Sunday, January 22, 2012

A Leading Change in Aboriginal Banking? (NNSL)

First Nations Bank of Canada plans more Northern expansion following strong fiscal 2011 financial results 

Thandiwe Vela
Northern News Services
Published Monday, January 23, 2012


Times are good for the First Nations Bank of Canada, and have been for some time for the institution known as "the aboriginal bank." 

NNSL photo/graphic

The First Nations Bank of Canada opened a branch in Iqaluit in June 2010, thanks to a partnership with Atuqtuarvik Corp. Pictured here in 2008 in Nunavut's capital are Greig Cooper, vice-president of operations for the bank, left, Arden Buskell, the bank's president, John Hickes, chairperson of Atuqtuarvik, Keith Martell, CEO of the bank and Ken Toner, president and CEO of Atuqtuarvik. - photo courtesy of First Nations Bank of Canada
As the domestic aboriginal market grows, the Saskatoon-based bank is growing along with it and seizing on increasing opportunity in the North.

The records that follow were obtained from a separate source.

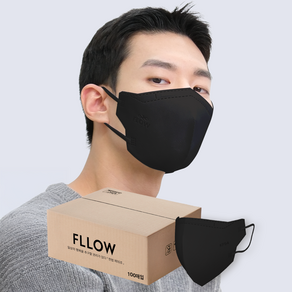 플로우 로봇핏 새부리형 KF94 마스크 대형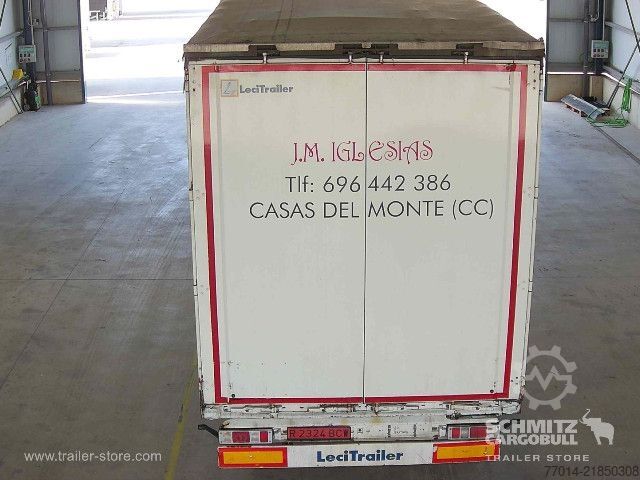 Open semitrailer with tarp Krone Curtainsider Standard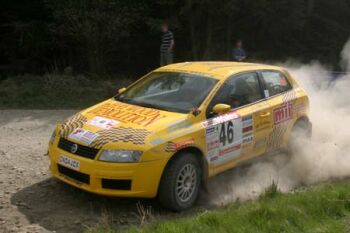 Fiat Stilo Cup action from the International Rally of Wales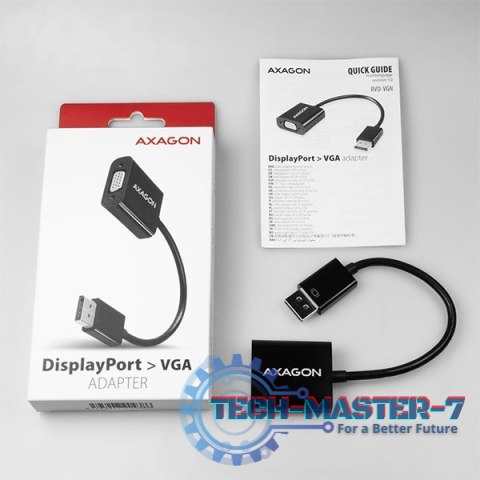 RVD-VGN Adapter DisplayPort -> VGA FullHD 1920x1200 RVD-VGN Adapter DisplayPort -> VGA FullHD 1920x1200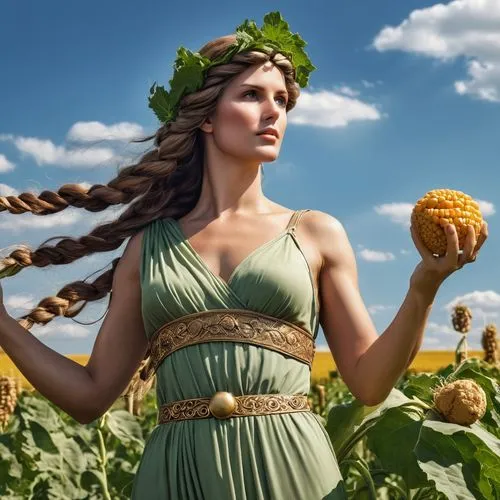 lughnasadh,maenad,laurel wreath,aromanians,woman of straw,bacchante,epicureanism,maenads,ninhursag,greek mythology,greek myth,paganism,polyculture,demeter,mabon,woman holding pie,ecofeminism,shepherdess,girl in a wreath,mythologically,Photography,General,Realistic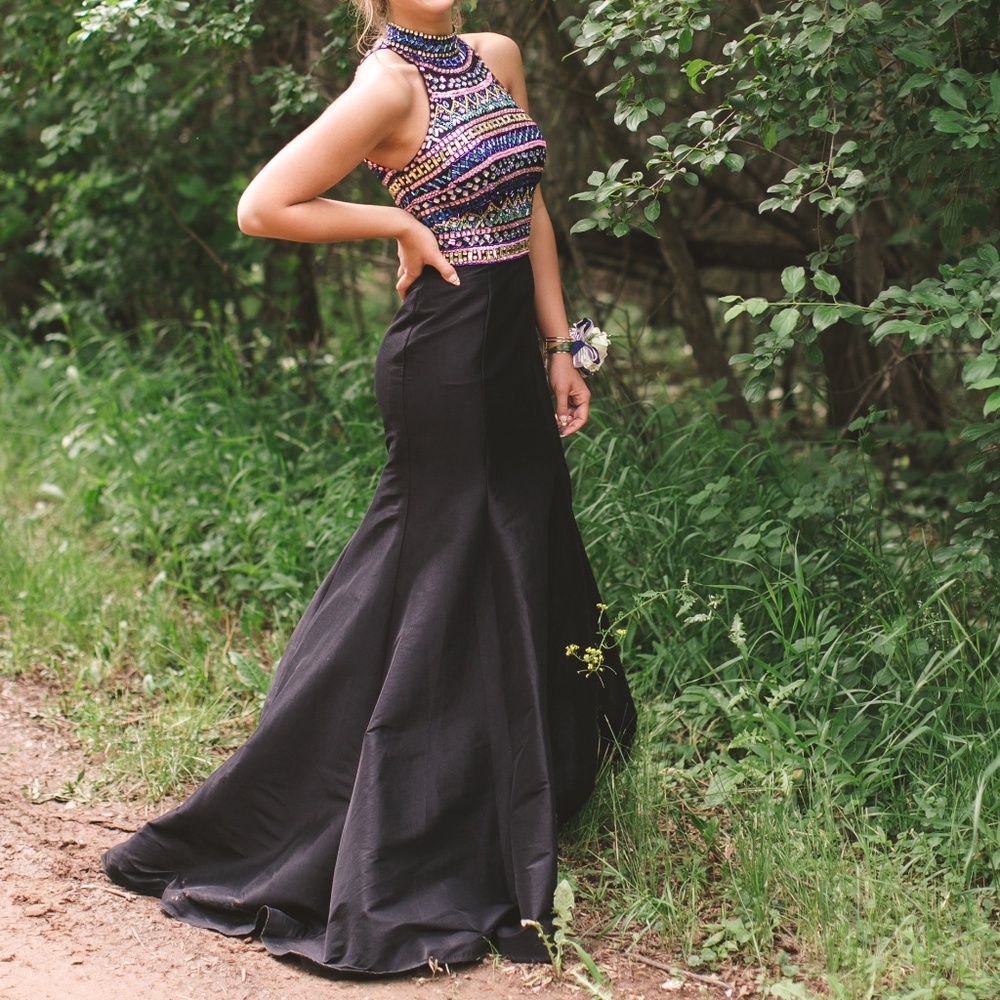 Angela and Allison prom dress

"We like the North, we think the North offers a lot of opportunity for our bank," said Arden Buskell, president and chief operating officer. "So we've been moving in that direction."

According to fiscal 2011 financial results reported by the bank on Jan. 17, total assets for the institution topped $300 million, chairman and CEO Keith Martell stated, representing growth for the 14th straight year.

"Growth is coming from both our long standing and our newly established branches, including our newest branch in Iqaluit, Nunavut," Martell added. "Our branch in Iqaluit has displayed in its first full year of operations the kind of growth that we expected from that market."

The seventh branch in the country for the full-service, chartered bank opened in Iqaluit in June 2010, after Nunavut Land Claims Agreement subsidiary Atuqtuarvik Corp. became a major shareholder in the bank to expand banking services in the territory.